Merging Your Brain with a Computer

An alternative to uploading your brain is to merge it with a computer. In this scenario, electrodes are placed in your brain that are then connected to a computer. Now your brain can directly receive information from the computer, and the computer can directly receive information from your brain.

There are good reasons to connect brains to computers. For example, spinal-cord injuries can leave people with little or no ability to move. By implanting electrodes into the injured person’s brain, the person can learn to control a robot arm or a computer mouse by thinking. Significant progress has already been achieved in this type of brain-controlled prosthetic, and it promises to improve the lives of many people. It does not take many connections from the brain to control a robot arm.

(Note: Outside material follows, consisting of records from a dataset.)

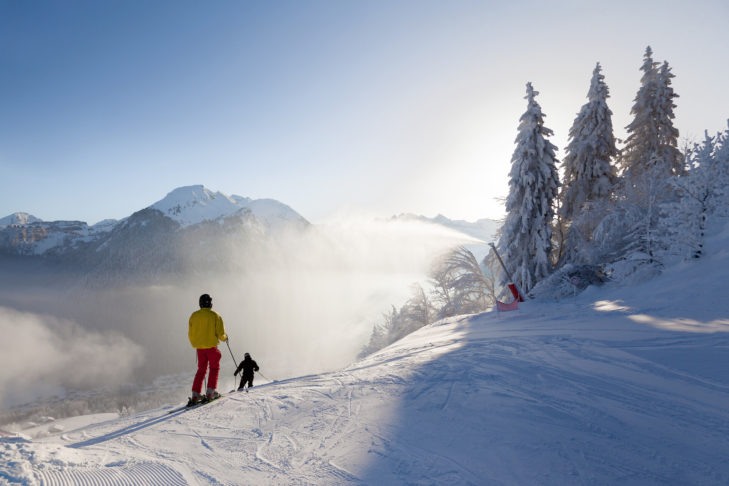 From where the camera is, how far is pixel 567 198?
2088 centimetres

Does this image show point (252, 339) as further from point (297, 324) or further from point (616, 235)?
point (616, 235)

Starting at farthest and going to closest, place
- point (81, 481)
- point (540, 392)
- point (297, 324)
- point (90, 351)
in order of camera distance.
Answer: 1. point (297, 324)
2. point (90, 351)
3. point (540, 392)
4. point (81, 481)

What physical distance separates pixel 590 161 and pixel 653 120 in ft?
21.1

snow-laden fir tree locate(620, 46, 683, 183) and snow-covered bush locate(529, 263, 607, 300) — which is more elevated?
snow-laden fir tree locate(620, 46, 683, 183)

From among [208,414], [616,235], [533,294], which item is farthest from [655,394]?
[616,235]

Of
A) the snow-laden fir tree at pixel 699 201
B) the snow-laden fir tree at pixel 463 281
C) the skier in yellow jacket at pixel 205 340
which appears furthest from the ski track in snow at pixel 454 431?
the snow-laden fir tree at pixel 463 281

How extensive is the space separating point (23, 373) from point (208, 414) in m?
191

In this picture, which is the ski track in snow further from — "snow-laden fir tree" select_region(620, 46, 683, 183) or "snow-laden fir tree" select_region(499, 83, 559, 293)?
"snow-laden fir tree" select_region(620, 46, 683, 183)

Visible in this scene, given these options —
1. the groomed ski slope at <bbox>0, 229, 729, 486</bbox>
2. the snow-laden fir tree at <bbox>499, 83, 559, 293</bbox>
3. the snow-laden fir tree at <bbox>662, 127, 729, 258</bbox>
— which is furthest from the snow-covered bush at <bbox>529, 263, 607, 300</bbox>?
the groomed ski slope at <bbox>0, 229, 729, 486</bbox>

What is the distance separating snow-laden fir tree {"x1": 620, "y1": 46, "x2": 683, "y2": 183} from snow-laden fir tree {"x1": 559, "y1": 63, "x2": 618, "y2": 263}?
8.36 ft

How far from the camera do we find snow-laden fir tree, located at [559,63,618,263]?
19.1 m

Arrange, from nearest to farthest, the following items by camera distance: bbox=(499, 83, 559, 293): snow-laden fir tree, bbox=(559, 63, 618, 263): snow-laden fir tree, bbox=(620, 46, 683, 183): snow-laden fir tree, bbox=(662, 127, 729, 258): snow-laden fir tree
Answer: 1. bbox=(662, 127, 729, 258): snow-laden fir tree
2. bbox=(499, 83, 559, 293): snow-laden fir tree
3. bbox=(559, 63, 618, 263): snow-laden fir tree
4. bbox=(620, 46, 683, 183): snow-laden fir tree

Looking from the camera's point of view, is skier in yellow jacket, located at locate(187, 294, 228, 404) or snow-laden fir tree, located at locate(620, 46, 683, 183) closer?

For example, a few hundred or even a few dozen electrodes from the brain to a computer can be sufficient to control basic movements of a limb.

But some people dream of a deeper, more fully connected brain-machine interface, one where there are millions, perhaps billions, of connections going both ways. They hope this will give us amazing new abilities, such as accessing all the information on the internet as simply as we access our own memories. We could perform superfast calculations and data searches. We would thus radically enhance our mental abilities, merging brain with machine.

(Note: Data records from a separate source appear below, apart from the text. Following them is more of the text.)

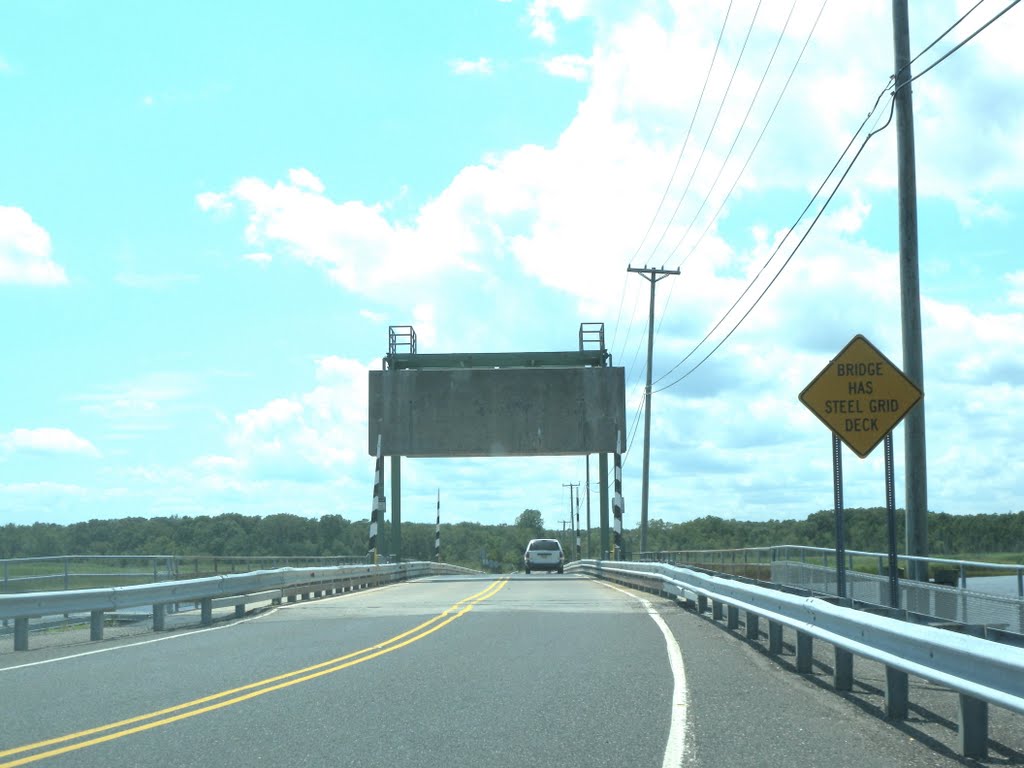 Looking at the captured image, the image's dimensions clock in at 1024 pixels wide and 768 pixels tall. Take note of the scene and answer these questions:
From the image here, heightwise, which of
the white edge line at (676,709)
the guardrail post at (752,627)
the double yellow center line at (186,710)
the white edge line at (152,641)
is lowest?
the white edge line at (152,641)

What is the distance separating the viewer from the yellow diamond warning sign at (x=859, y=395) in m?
12.4

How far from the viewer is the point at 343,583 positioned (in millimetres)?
29953

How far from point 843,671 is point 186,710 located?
559 centimetres

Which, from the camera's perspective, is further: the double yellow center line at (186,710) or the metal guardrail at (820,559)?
the metal guardrail at (820,559)

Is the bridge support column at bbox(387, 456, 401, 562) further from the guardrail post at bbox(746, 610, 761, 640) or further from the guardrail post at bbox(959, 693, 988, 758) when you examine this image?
the guardrail post at bbox(959, 693, 988, 758)

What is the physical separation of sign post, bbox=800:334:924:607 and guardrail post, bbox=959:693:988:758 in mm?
5276

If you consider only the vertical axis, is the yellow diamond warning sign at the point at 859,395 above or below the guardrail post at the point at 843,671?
above

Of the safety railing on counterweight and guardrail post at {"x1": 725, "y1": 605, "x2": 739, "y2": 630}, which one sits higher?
the safety railing on counterweight

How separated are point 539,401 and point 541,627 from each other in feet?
89.0

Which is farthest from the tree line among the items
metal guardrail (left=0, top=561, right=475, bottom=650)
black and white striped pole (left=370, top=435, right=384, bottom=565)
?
metal guardrail (left=0, top=561, right=475, bottom=650)

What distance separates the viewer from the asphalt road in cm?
738

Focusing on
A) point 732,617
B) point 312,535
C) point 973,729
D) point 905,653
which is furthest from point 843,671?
point 312,535

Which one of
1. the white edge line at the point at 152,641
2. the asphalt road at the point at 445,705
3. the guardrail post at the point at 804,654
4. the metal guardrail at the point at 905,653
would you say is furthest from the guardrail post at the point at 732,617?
the white edge line at the point at 152,641

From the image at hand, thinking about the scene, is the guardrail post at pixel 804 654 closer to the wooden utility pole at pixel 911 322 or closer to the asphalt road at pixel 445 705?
the asphalt road at pixel 445 705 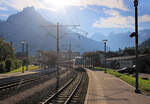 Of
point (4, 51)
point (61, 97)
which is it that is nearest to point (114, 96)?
point (61, 97)

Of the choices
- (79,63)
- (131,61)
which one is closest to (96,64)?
(79,63)

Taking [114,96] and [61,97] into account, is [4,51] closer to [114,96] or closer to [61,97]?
[61,97]

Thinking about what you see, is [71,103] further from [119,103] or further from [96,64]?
[96,64]

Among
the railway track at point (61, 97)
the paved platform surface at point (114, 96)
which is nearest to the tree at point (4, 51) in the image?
the railway track at point (61, 97)

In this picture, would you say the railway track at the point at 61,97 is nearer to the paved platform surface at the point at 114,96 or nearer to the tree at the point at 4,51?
the paved platform surface at the point at 114,96

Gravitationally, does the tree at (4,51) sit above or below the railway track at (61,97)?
above

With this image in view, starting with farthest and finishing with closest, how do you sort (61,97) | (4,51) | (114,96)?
(4,51) < (114,96) < (61,97)

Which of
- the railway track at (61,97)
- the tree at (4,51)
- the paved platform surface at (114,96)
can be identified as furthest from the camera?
the tree at (4,51)

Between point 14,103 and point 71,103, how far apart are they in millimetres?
3442

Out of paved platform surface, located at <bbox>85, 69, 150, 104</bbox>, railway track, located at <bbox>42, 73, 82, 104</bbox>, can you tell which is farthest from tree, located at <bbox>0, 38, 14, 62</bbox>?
paved platform surface, located at <bbox>85, 69, 150, 104</bbox>

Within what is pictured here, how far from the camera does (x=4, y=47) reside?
199 feet

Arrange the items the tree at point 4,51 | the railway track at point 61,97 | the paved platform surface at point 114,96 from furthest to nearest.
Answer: the tree at point 4,51, the paved platform surface at point 114,96, the railway track at point 61,97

Similar to the “upload your brain” scenario, there are extreme technical challenges that have to be overcome to merge with a computer. These include how to implant millions of electrodes into a brain with minimal surgery, how to avoid rejection of the electrodes by our biological tissue, and how to reliably target millions of individual neurons. There are currently teams of engineers and scientists working on these problems. Once again, I don’t want to focus on the technical challenges as much as the motivations and results. So, let’s assume we can solve the technical problems. Why would we want to do this? Again, brain-computer interfaces make a lot of sense to help people with injuries. But why would we do this for healthy people?

As I mentioned, one prominent argument for merging your brain with a computer is to counter the threat of superintelligent AIs. Recall the intelligence explosion threat, where intelligent machines rapidly surpass us. I argued earlier that the intelligence explosion will not happen and is not an existential threat, but there are plenty of people who believe otherwise. They hope that by merging our brains with superintelligent computers, we would become superintelligent as well, and thus avoid being left behind. We are definitely entering science-fiction territory, but is it nonsense? I don’t dismiss the idea of brain-computer interfaces for brain enhancement. The basic science needs to be pursued to restore movement to the injured. Along the way, we might discover other uses of the resulting technology.

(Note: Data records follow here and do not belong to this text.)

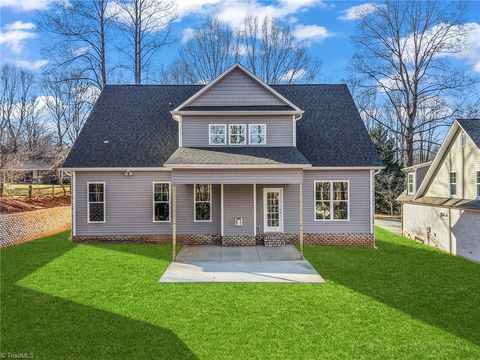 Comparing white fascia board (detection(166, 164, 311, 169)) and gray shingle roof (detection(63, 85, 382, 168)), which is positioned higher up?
gray shingle roof (detection(63, 85, 382, 168))

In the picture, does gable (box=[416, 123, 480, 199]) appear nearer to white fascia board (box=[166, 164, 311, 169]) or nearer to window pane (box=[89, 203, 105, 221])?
white fascia board (box=[166, 164, 311, 169])

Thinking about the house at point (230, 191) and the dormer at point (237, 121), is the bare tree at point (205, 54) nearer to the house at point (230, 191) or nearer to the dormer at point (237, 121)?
the dormer at point (237, 121)

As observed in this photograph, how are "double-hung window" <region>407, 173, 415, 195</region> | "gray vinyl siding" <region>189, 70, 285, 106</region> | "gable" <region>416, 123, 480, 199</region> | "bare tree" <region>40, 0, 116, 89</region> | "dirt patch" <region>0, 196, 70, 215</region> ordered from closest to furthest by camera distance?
"gable" <region>416, 123, 480, 199</region> → "gray vinyl siding" <region>189, 70, 285, 106</region> → "dirt patch" <region>0, 196, 70, 215</region> → "double-hung window" <region>407, 173, 415, 195</region> → "bare tree" <region>40, 0, 116, 89</region>

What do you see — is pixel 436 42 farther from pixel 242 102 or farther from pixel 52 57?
pixel 52 57

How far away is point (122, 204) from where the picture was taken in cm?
1510

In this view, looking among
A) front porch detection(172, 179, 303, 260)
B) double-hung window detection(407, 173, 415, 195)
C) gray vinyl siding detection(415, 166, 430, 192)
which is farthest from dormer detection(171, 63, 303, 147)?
double-hung window detection(407, 173, 415, 195)

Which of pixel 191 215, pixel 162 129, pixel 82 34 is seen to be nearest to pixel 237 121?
pixel 162 129

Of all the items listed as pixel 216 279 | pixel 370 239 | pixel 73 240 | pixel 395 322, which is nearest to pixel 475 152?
pixel 370 239

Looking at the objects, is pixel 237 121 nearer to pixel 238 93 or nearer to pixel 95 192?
pixel 238 93

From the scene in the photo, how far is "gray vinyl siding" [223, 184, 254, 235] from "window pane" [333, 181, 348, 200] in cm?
362

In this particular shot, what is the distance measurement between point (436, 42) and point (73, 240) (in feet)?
91.5

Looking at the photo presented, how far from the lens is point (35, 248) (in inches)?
539

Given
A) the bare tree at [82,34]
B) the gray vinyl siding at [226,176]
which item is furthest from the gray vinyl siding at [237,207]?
→ the bare tree at [82,34]

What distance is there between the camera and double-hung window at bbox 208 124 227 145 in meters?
15.0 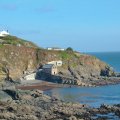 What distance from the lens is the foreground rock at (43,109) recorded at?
62562mm

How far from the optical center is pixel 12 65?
369 feet

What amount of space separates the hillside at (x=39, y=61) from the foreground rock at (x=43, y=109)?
96.1 ft

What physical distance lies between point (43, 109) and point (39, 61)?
168 feet

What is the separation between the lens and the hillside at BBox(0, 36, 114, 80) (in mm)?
112438

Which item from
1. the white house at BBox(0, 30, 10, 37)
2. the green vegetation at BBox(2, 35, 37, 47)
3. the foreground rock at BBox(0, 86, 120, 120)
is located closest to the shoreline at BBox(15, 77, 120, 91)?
the green vegetation at BBox(2, 35, 37, 47)

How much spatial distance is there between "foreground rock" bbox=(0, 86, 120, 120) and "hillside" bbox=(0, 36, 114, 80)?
29295 mm

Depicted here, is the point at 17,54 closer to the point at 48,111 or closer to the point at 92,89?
the point at 92,89

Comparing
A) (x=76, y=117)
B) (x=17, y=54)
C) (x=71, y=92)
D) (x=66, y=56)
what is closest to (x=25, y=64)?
(x=17, y=54)

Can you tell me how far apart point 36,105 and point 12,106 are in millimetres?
5424

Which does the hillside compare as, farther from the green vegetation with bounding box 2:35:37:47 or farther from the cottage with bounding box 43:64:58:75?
the cottage with bounding box 43:64:58:75

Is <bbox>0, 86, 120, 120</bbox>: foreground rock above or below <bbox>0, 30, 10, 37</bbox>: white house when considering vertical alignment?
below

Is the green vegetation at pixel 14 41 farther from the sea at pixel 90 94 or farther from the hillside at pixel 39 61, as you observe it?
the sea at pixel 90 94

For example, imagine we develop a way to precisely stimulate millions of individual neurons in the neocortex. Perhaps we do this by labeling individual neurons with barcode-like DNA snippets introduced via a virus (this kind of technology exists today). Then we activate these neurons using radio waves that are addressed to an individual cell’s code (this technology does not exist, but it isn’t out of the realm of possibility). Now we have a way of precisely controlling millions of neurons without surgery or implants. This could be used to restore sight to someone whose eyes don’t function, or to create a new type of sensor, such as allowing someone to see using ultraviolet light. I doubt that we will ever completely merge our brain with a computer, but gaining new abilities is within the realm of likely advances.

In my opinion, the “uploading your brain” proposal offers few benefits and is so difficult that it is unlikely to ever happen. The “merging your brain with a computer” proposal will likely be achieved for limited purposes, but not to the point of fully uniting brain and machine. And a brain merged with a computer still has a biological brain and body that will decay and die.

Importantly, neither proposal addresses the existential risks facing humanity. If our species cannot live forever, are there things we can do today that would make our present existence meaningful, even when we are gone?